Both these approaches fail to address Mao’s paramount role in deciding China’s Cambodian policies. In We Now Know, John Lewis Gaddis writes that “the more we learn, the less sense it makes to distinguish Stalin’s foreign policies from his domestic practices or even his personal behavior.” It is the same case when analyzing the foreign policies of China during the Mao era. Chinese scholar He Fang writes that “in the political struggles staged by Mao, China’s domestic politics and external relations were directly connected.” Any examination of the CCP’s relationship with its Khmer Rouge ally under Mao has to center round the Chairman himself. China’s Cambodian polices were indistinguishable from Mao’s domestic policies and his political needs. In this sense, the distinction between radicals and moderates disguises Mao’s
central role. When Mao was alive, Zhou Enlai, Deng Xiaoping, or the Gang of Four were simply implementing his policies.
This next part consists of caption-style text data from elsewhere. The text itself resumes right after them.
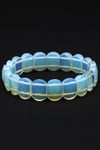 Cam Opal Bileklik 11 x 15 mm Özel Kesim - BLK-2471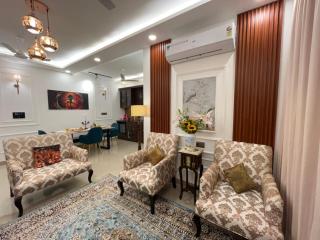 Hostie Spriha-3BHK Serviced Apartment near Golf course road & Worldmark, Gurgaon - 7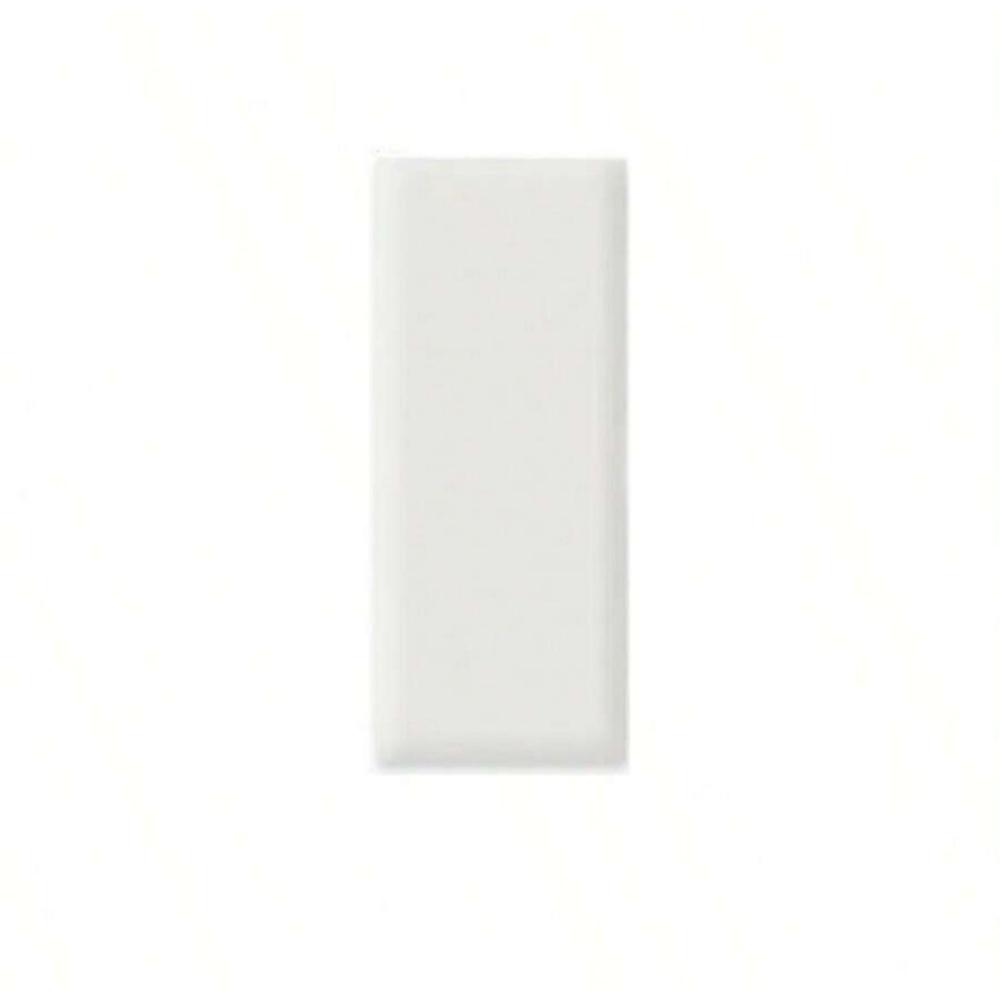 1PC 20x40cm Peel And Stick Headboard,Upholstered Wall Panel,Headboards Wall Panel for Twin, Self-Adhesive 3D Wall Panels 20CMx40CM білий
1PC 20x40cm Peel And Stick Headboard,Upholstered Wall Panel,Headboards Wall Panel for Twin, Self-Adhesive 3D Wall Panels 20CMx40CM білий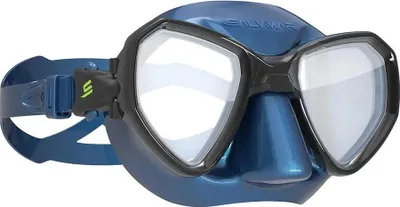 Produktbild von Salvimar Morpheus Mid Tauchmaske Blau,Schwarz  Blau,Schwarz One Size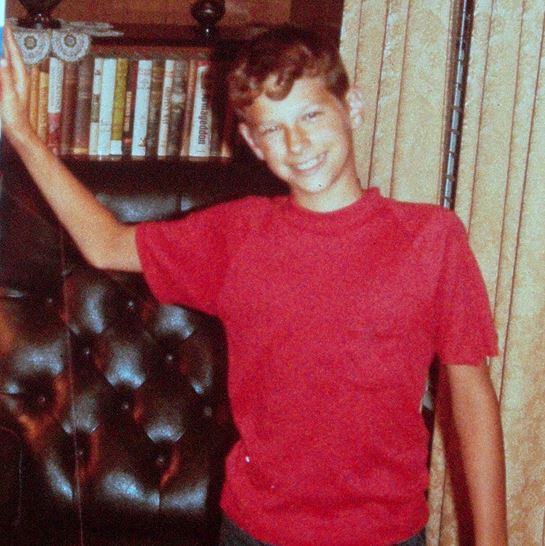 David Speight Age 13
Failing to do so, they would either be criticized or purged.
By utilizing untapped Chinese primary sources, including official documents, the biographies and memoirs of the CCP cadres involved in managing the relationship with the Khmer Rouge, and in particular the memoirs of former Huayun (Huaren Huaqiao Gemingyundong, or ethnic Chinese revolutionary movements) members in Cambodia, this paper argues that, under Mao, the CCP’s policies towards the Khmer Rouge were subordinate to Mao’s political needs and shaped primarily by his efforts to safeguard the Cultural Revolution. But in the end, Mao’s “ideological victory” translated into a strategic failure for China’s post-Mao leadership.
This paper is divided into three parts. The first discusses why the Khmer Rouge’s victory was ideologically important to Mao’s China. This section argues that the Khmer Rouge’s victory and revolutionary struggles were ideologically significant for the CCP, particularly because of the decline of Mao’s revolutions both at home and abroad. This is the key to understanding the relationship between the CCP and the Khmer Rouge in the Mao era. The second section examines how the cadres of the ILD (Zhonglianbu, the International Liaison Department of the CCP) managed the CCP-Khmer Rouge relationship. While Mertha’s study examines the ministries and departments involved in the “three dimensions” of Chinese assistance to Cambodia (“military, trade, and infrastructure”), these actors, including the Ministry of Foreign Economic Relations, dealt with functional rather than political matters. The ILD, in contrast, played a central role in managing the bilateral relationship. An examination of the ILD cadres who managed the CCP-Khmer Rouge relations sheds new light on how political relationship between the CCP and the CPK. The third section investigates developments in Cambodia, focusing on the stories of the Huayun members and the ethnic Chinese in Cambodia and how such individuals affected the relationship between the CCP and the Khmer Rouge. The conclusion of the paper points out that Mao’s ideological victory translated into a strategic failure for China’s post-Mao leadership.